Com efeito, ele, inicialmente, pensava a áudio-descrição como uma tradução do visual em suporte com a escrita Braille.
A similaridade entre a áudio-descrição e a descrição, contudo, pode levar o menos estudado a achar que de uma imagem estática não se faz tradução visual, não se faz áudio-descrição, quando esta não é veiculada em áudio. Obviamente, a áudio-descrição não é definida pelo suporte que é veiculado, mas, pelas técnicas tradutórias de que faz uso.
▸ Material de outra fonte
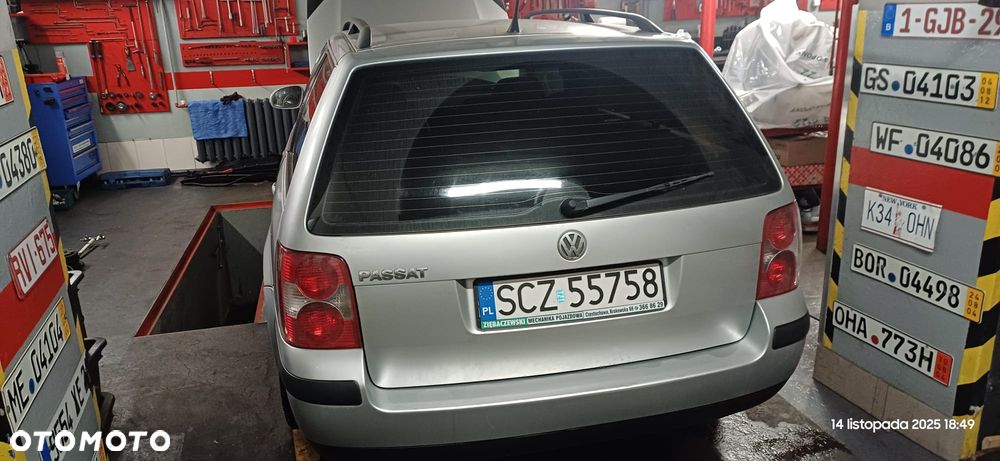 Volkswagen Passat 1.6 - 15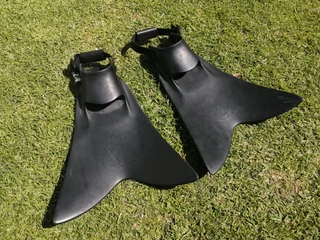 Force Fin Pro Flippers R700 Negotiable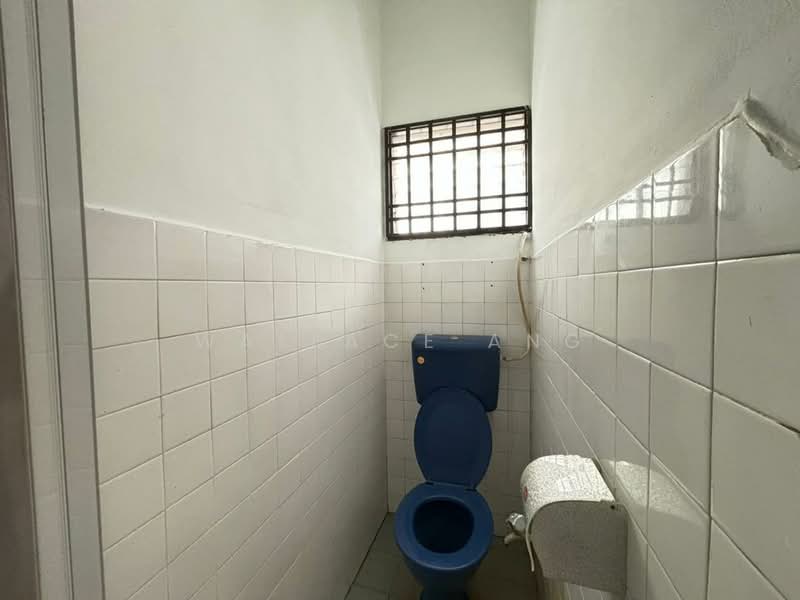 Rumah Teres 1 Tingkat untuk Dijual di Taman Sutra (Kulai) - Wallace Ang - Bathroom - PropertyGuru.com.my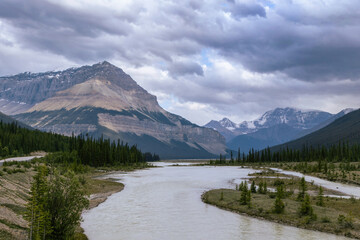 Naklejka na ściany i meble Stunning view of peaks and glaciers at Jasper Provincial Park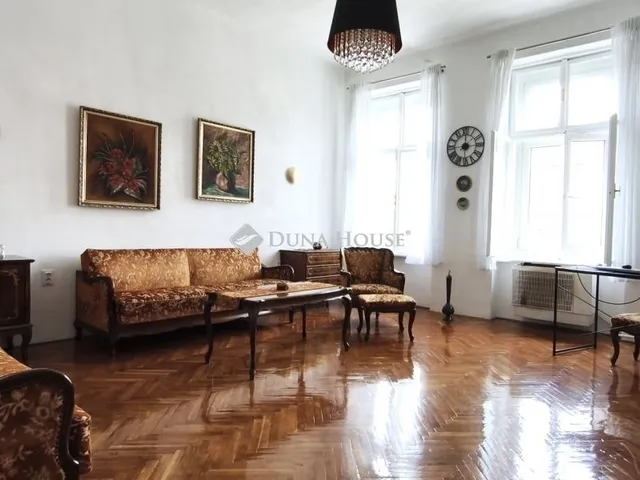 Eladó lakás Budapest VI. kerület 85 nm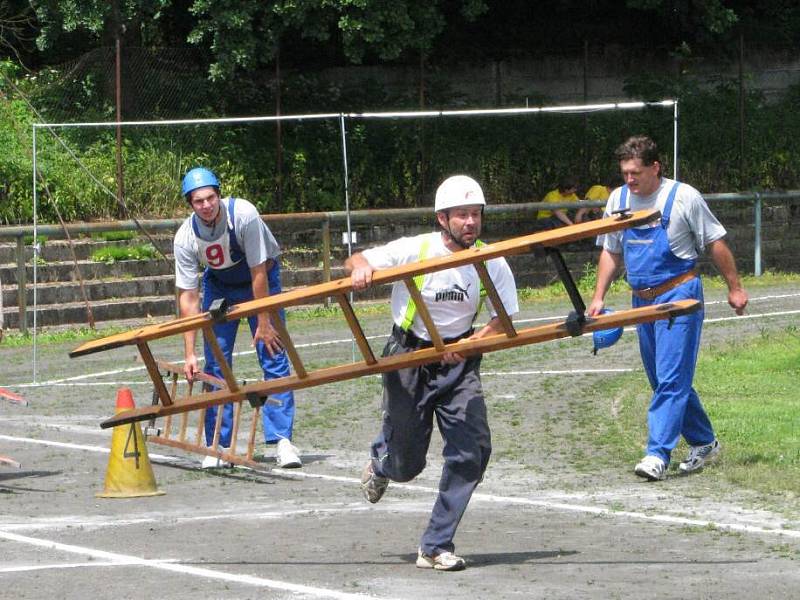 V sobotu 7. června se na stadionu V Lukách vystřídala při soutěžích v požárním sportu hasičská elita z celého Benešovska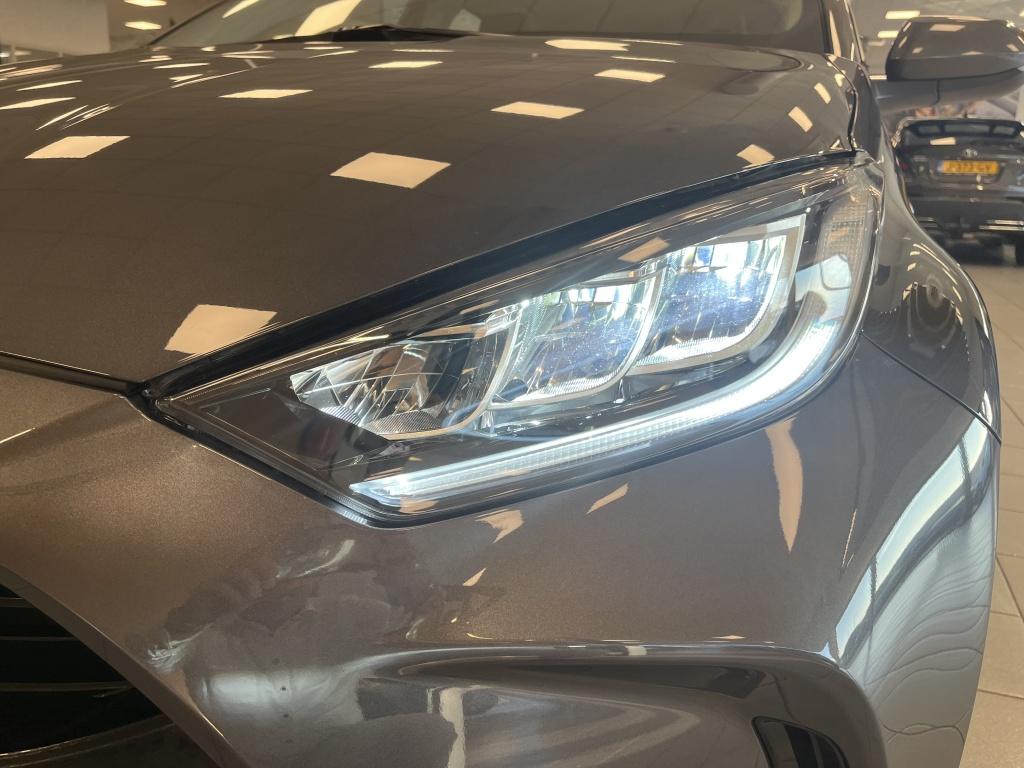 Toyota Yaris 1.5 hybrid first edition | camera | apple carplay | trekhaak |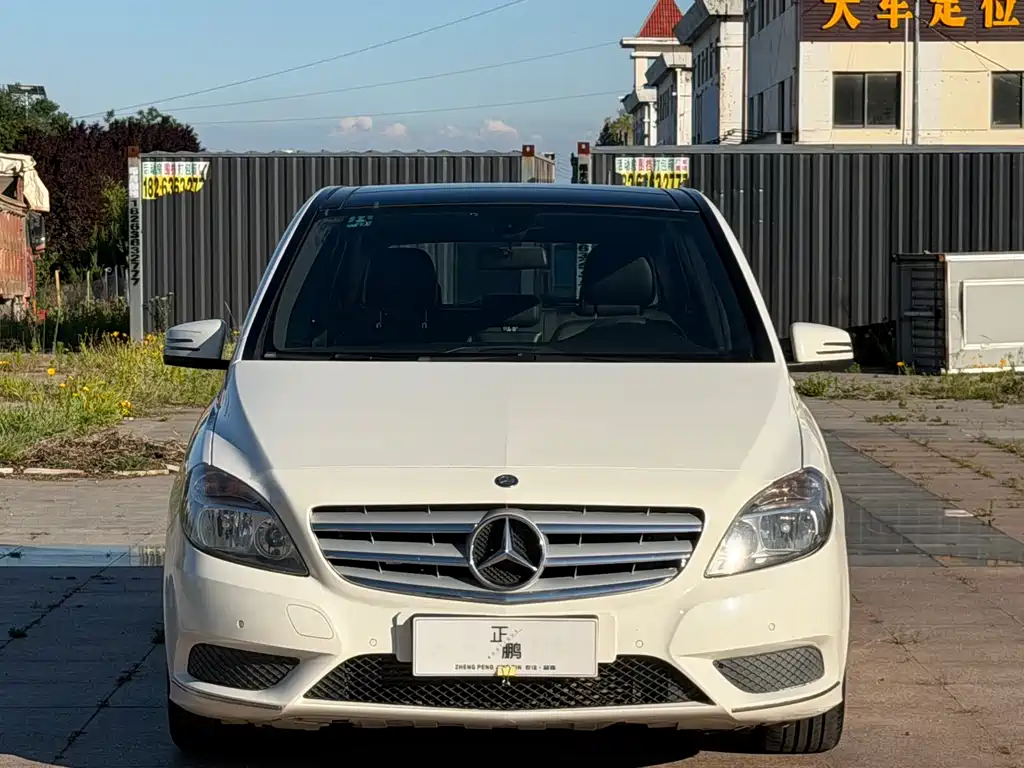 Mercedes-Benz B-Class 2014 — фото 2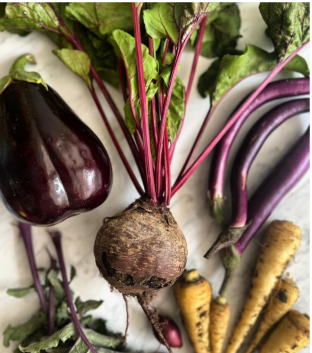 légumes posés sur du marbre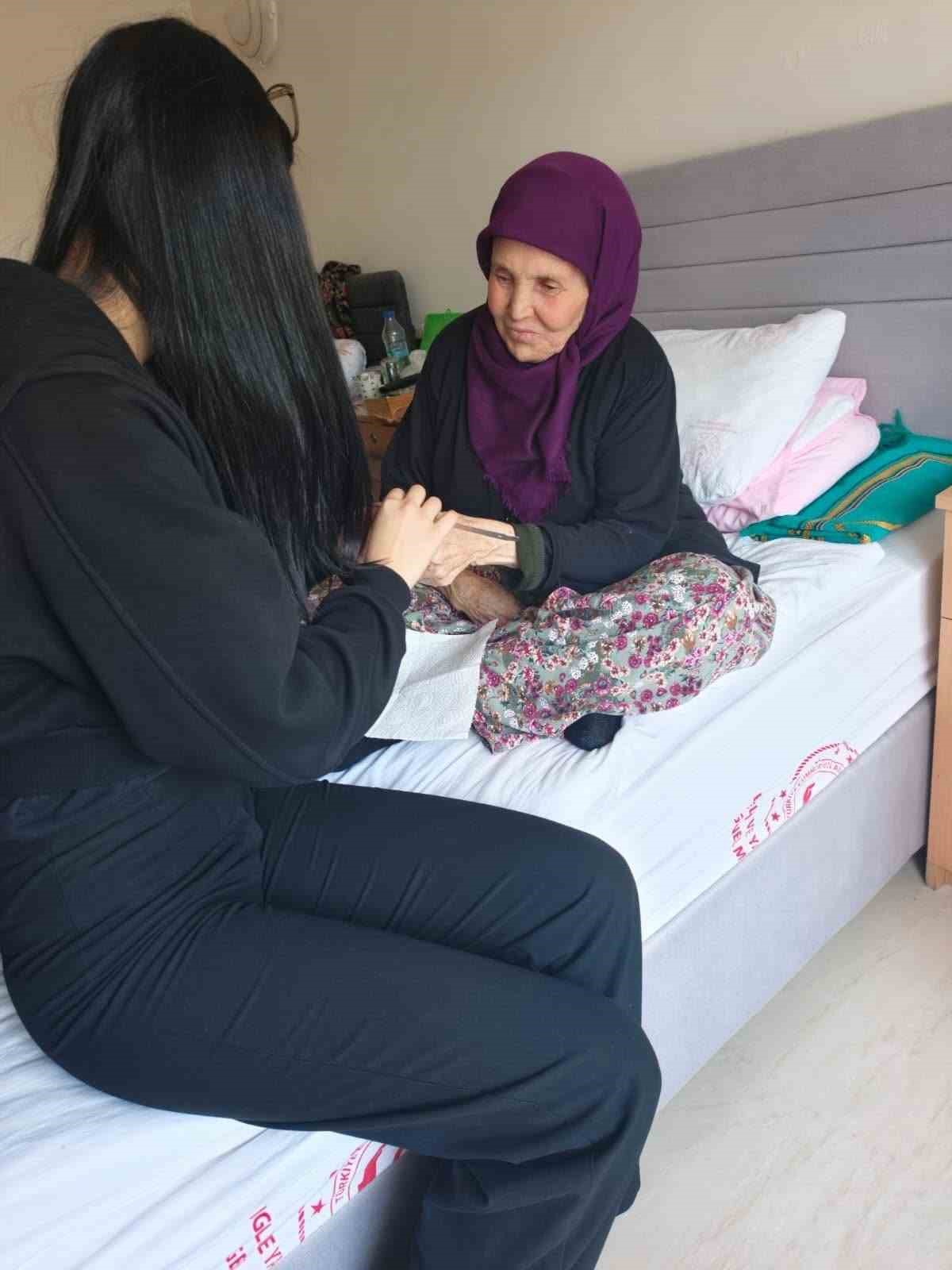 Bilecik Huzurevi sakinlerine lise öğrencilerinden güzellik ve bakım desteği verildi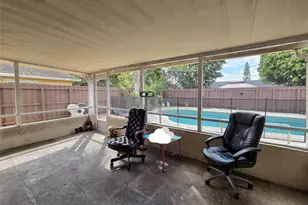 413 SW 73rd Ave, North Lauderdale, FL 33068 - Photo 24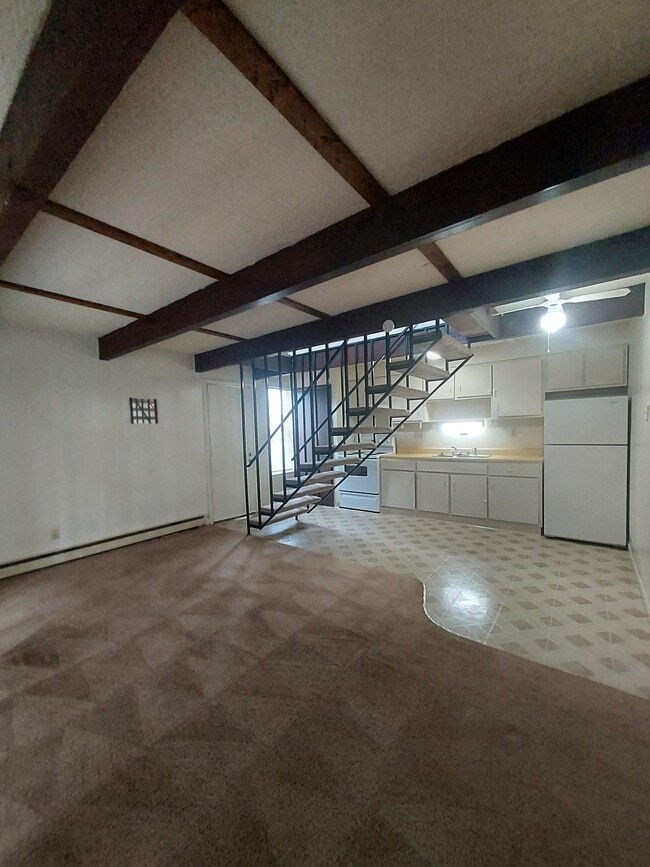 Building Photo - 189 Buckingham St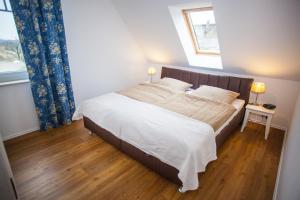 ein Schlafzimmer mit einem großen Bett und Holzboden in der Unterkunft Apfelhof Wegener in Jork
E, por isso, conhecer o vernáculo é indispensável para uma áudio-descrição de qualidade.
Devido às dificuldades da língua portuguesa e, mais vergonhosamente, por falta de estudo dos formadores e tradutores visuais, temos visto áudio-descrições deploráveis, verdadeiros acintes ao idioma e aos usuários da áudio-descrição.
Como sou eu formador de áudio-descritores e, portanto, responsável pela qualidade das traduções que meus alunos fazem, busco sempre estudar as técnicas de tradução visual e as regras que regem nosso idioma. Infelizmente, isso não impede de eu cometer erros, por vezes grosseiros contra nossa língua mãe. Todavia, se os cometo, mais é por outra causa que por falta de estudo, coisa que vejo ocorrer com outros formadores e áudio-descritores, os quais parecem gostar de “desconhecer”, uma vez que se “recusam” a estudar ou aplicar os estudos que receberam.
Ao preparar-me para mais um curso de áudio-descrição, revisitei a obra do grande Said Ali “Dificuldades da Língua Portuguesa”, de onde tiro o resumo que abaixo Segue.
A obra completa desse importante autor pode ser baixada gratuitamente em: http://www.academia.org.br/abl/media/Dificuldades%20da%20Lingua%20Portug...
Espero que possam fazer bons uso deste resumo e melhor uso ainda da obra completa.
Cordialmente,
Francisco Lima
Para terminar o presente estudo, podemos resumir em poucas palavras
as conclusões a que no levaram os fatos observados:
Na linguagem corrente de Portugal, os pronomes pessoais complementos
colocam-se normalmente depois do verbo; podem, no entanto,
deslocar-se. Essa deslocação efetua-se em virtude de uma lei
fonética, a saber: quando não há pausa depois da palavra que precede
o verbo, o pronome átono passa a interpor-se, ou seja, para amparar o
primeiro vocábulo se tiver pronúncia fraca, ou para fazê-lo sobressair
enfaticamente se tiver entonação própria. As exceções aparentes são
devidas à interferência de outras leis.
_ Dificuldades da Língua Portuguesa 59
Assim é que no infinitivo não flexionado o conceito do substantivamento
pode neutralizar a ação atrativa de vocábulos átonos, como a
preposição e o advérbio negativo.
Com os elementos fornecidos pela fonética, pode a sintaxe dar esta
regra de anteposição do pronome, segundo o falar lusitano, tratando-
se de orações de verbo finito: o pronome átono antepõe-se ao verbo
nas frases negativas, nas interrogativas que comecem por pronome
de interrogação ou partícula interrogativa, e nas subordinativas (com
algumas exceções).
Acrescente-se ainda que o discurso não deve começar por pronome
átono, que nas formas do futuro a posposição é substituída pela (aparente)
interposição, e que nos chamados tempos compostos o pronome
é enclítico do auxiliar e não do particípio passado.
No Brasil observa-se, como em Portugal, a construção quanto aos
tempos compostos e quanto ao futuro (do presente e do pretérito), e,
na linguagem literária, não se começa o discurso pelo pronome complemento.
Outro tanto não se dá com a regra de anteposição há pouco
formulada, que pressupõe pronúncia lusitana nos pronomes, nas partículas
e na frase em geral. As condições de pronúncia são outras no
Brasil; logo essa regularidade não pode existir. A regularidade lusitana
é correta em Portugal; a liberdade de colocação é correta no Brasil,
conforme já está sancionada na linguagem literária pelos escritores
brasileiros. Ocioso seria querer um povo imitar o outro; e tanto custa
ao brasileiro imitar o português, quanto é difícil a este o acompanhar-
nos a nós. O que num país parece brotar espontâneo ao ar livre,
noutro só se conseguiria a poder de cultura em atmosfera artificial.